**WORK REQUEST:** An exact copy of each line below is needed, with no images in it.

**COLLECTED MATERIAL:**
::::::

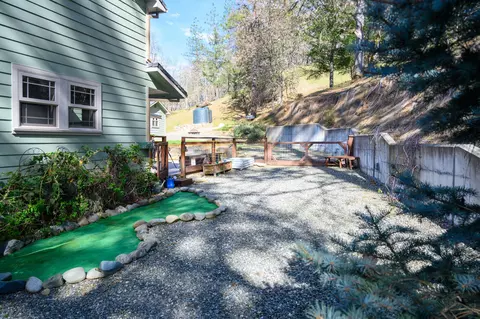 Exterior - 2981 Lewiston Rd, Lewiston, CA 96052 photo 11 of 12
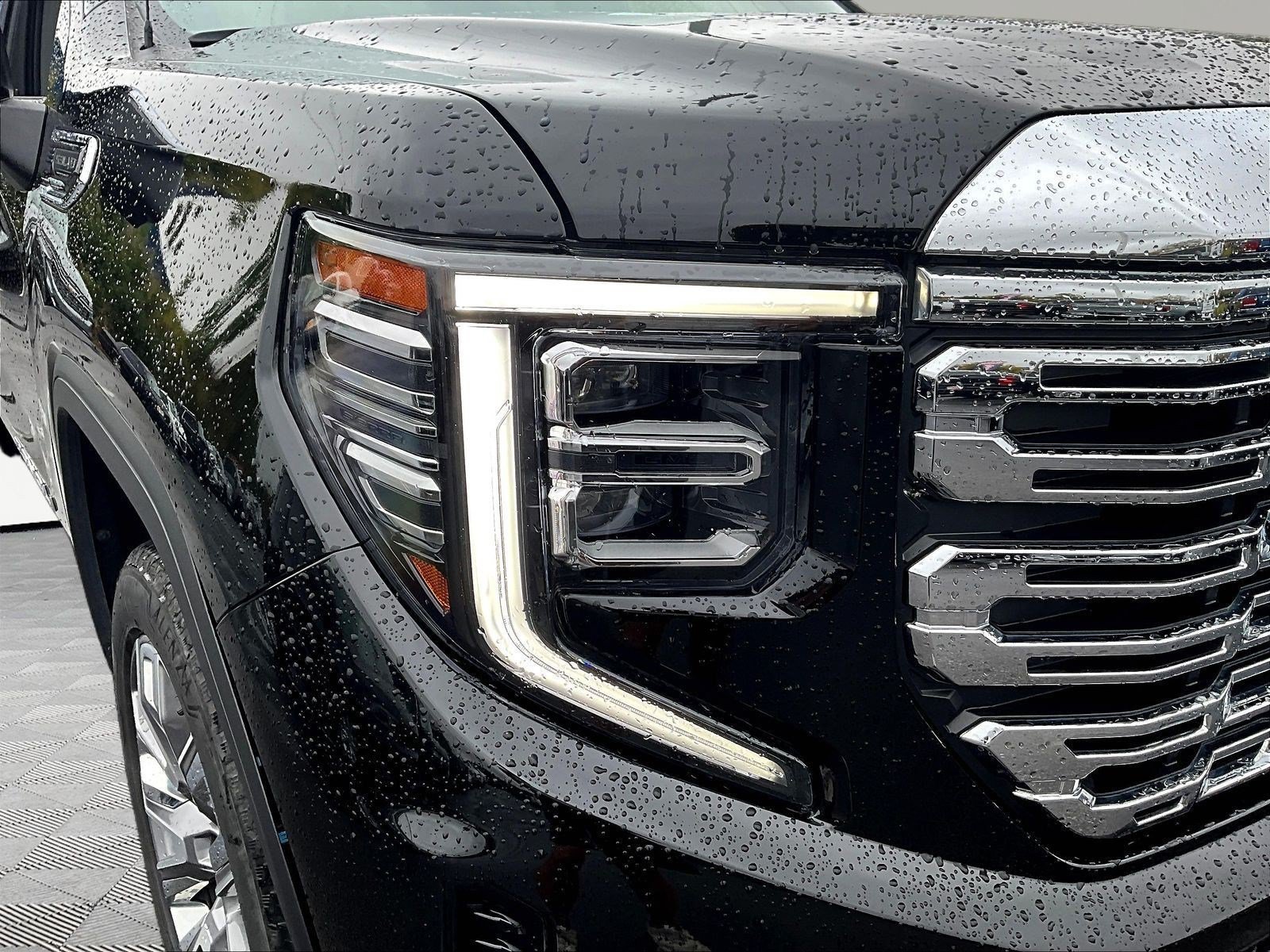 Used 2026 GMC Sierra 1500 Denali w/ Denali Reserve Package AWD/4WD image 32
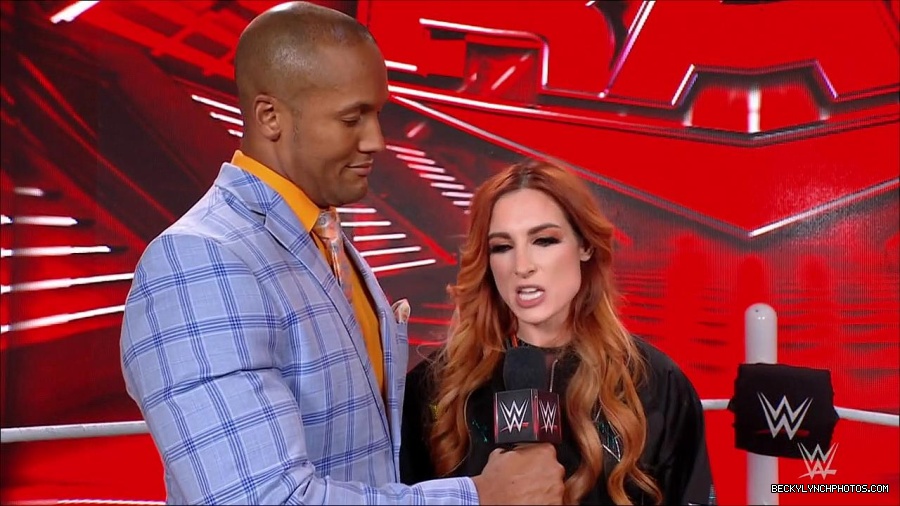 WWE_Monday_Night_RAW_2023_02_06_720p_HDTV_x264-Star_mp4_002425533.jpg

::::::

**ANSWER BOX:**
 Exterior - 2981 Lewiston Rd, Lewiston, CA 96052 photo 11 of 12
 Used 2026 GMC Sierra 1500 Denali w/ Denali Reserve Package AWD/4WD image 32
 WWE_Monday_Night_RAW_2023_02_06_720p_HDTV_x264-Star_mp4_002425533.jpg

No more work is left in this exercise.